→ Given material
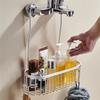 For Shower Hanging Organizer With Hooks Storage Shelf- No Drilling Design For Shower Basket For Shower Faucet Or Cross Bar Rack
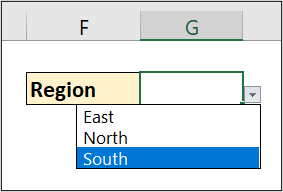 Dynamic Data Validation list using the UNIQUE function in Excel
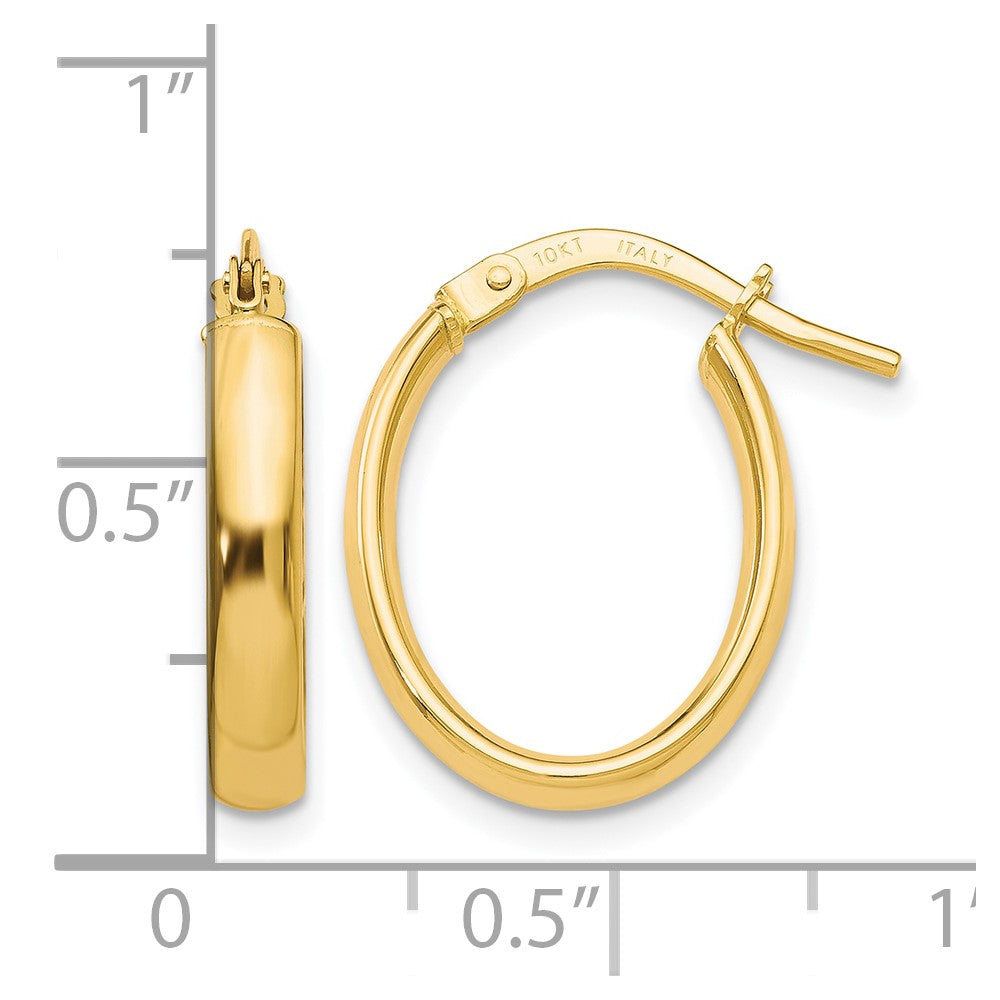 10K Polished Yellow Gold Hoop Earrings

→ Task to carry out
An exact copy of the data is required, with the pictures excluded.

→ Response area
 For Shower Hanging Organizer With Hooks Storage Shelf- No Drilling Design For Shower Basket For Shower Faucet Or Cross Bar Rack
 Dynamic Data Validation list using the UNIQUE function in Excel
 10K Polished Yellow Gold Hoop Earrings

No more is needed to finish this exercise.